Physical AI Agent Capabilities
Physical AI Agents are designed to translate natural language instructions into executable robotics and computer vision code using the Telekinesis Skill Library. They operate at the code generation layer, composing Skills into structured programs that can be run in standard Python environments.
This section describes what Physical AI Agents can and cannot do in practice.
Core Capabilities
Physical AI Agents can:
- Generate executable Python code from natural language instructions
- Select and compose Telekinesis Skills into functional pipelines
- Translate vision-based tasks into structured processing workflows
- Build multi-step programs (e.g., detect → filter → track → output)
- Adapt generated code based on conversational refinement
- Produce structured outputs suitable for robotics and perception systems
Supported Task Types
Physical AI Agents are optimized for tasks involving perception, vision, and structured automation.
Vision Tasks
- Object detection in images and video streams
- Real-time webcam-based detection pipelines
- Classification of visual inputs
- Bounding box generation and annotation
Video & Streaming Tasks
- Frame-by-frame processing pipelines
- Multi-object tracking across time
- Real-time inference workflows
Pipeline Construction
- Multi-step vision processing workflows
- Composition of detection, filtering, and transformation steps
- Structured data extraction from visual inputs
Code Generation Tasks
- Python code generation using Telekinesis Skills
- Integration of vision libraries and robotics tooling
- Modular pipeline construction for reuse and extension
System Boundaries
Physical AI Agents operate within defined constraints:
- No direct control of physical robots or hardware execution
- No access to file systems or external project environments
- No persistent memory across sessions
- No execution outside the provided Skill-based environment
- No implicit system or workspace awareness
All outputs are generated as code that must be explicitly executed in a supported environment.

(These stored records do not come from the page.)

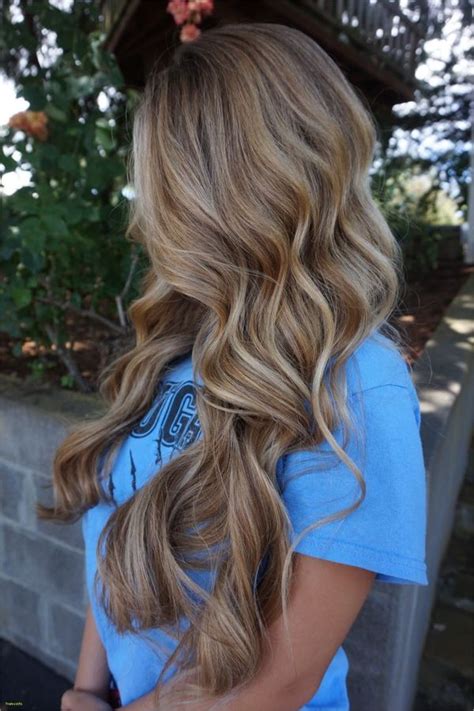 Because it's a low maintenance color, it is best paired with a. 25 Dirty Blonde Hair Ideas for Women (Trending in December ...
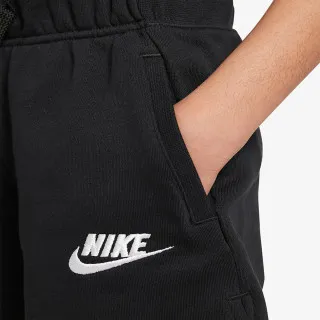 Nike Sportswear Club 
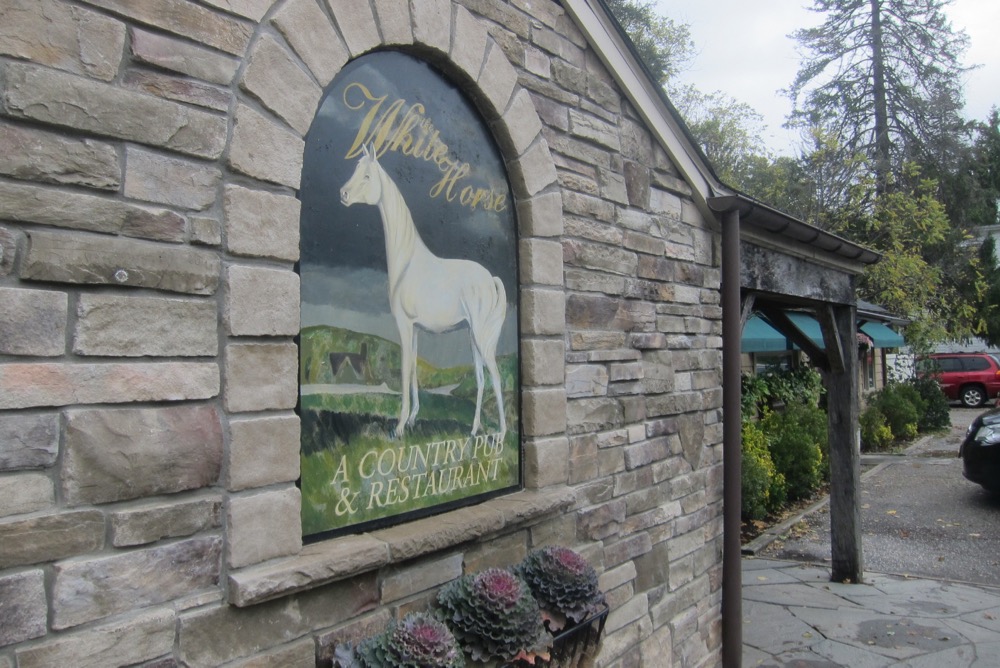 The White Horse Country Pub & Restaurant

What Makes This System Different
Unlike end-to-end robotics policies, Physical AI Agents operate at the code generation layer rather than the control layer.
This enables:
- Composability — complex behaviors built from reusable Skills
- Transparency — generated logic is explicit and inspectable
- Flexibility — output can be modified before execution
- Modularity — Skills (including perception models) can be swapped or extended
Key Principle
Physical AI Agents do not directly perform actions. They generate structured programs that describe how actions should be executed using the Telekinesis Skill Library.
Their capability is defined by the Skills available to them and the structure of the generated code.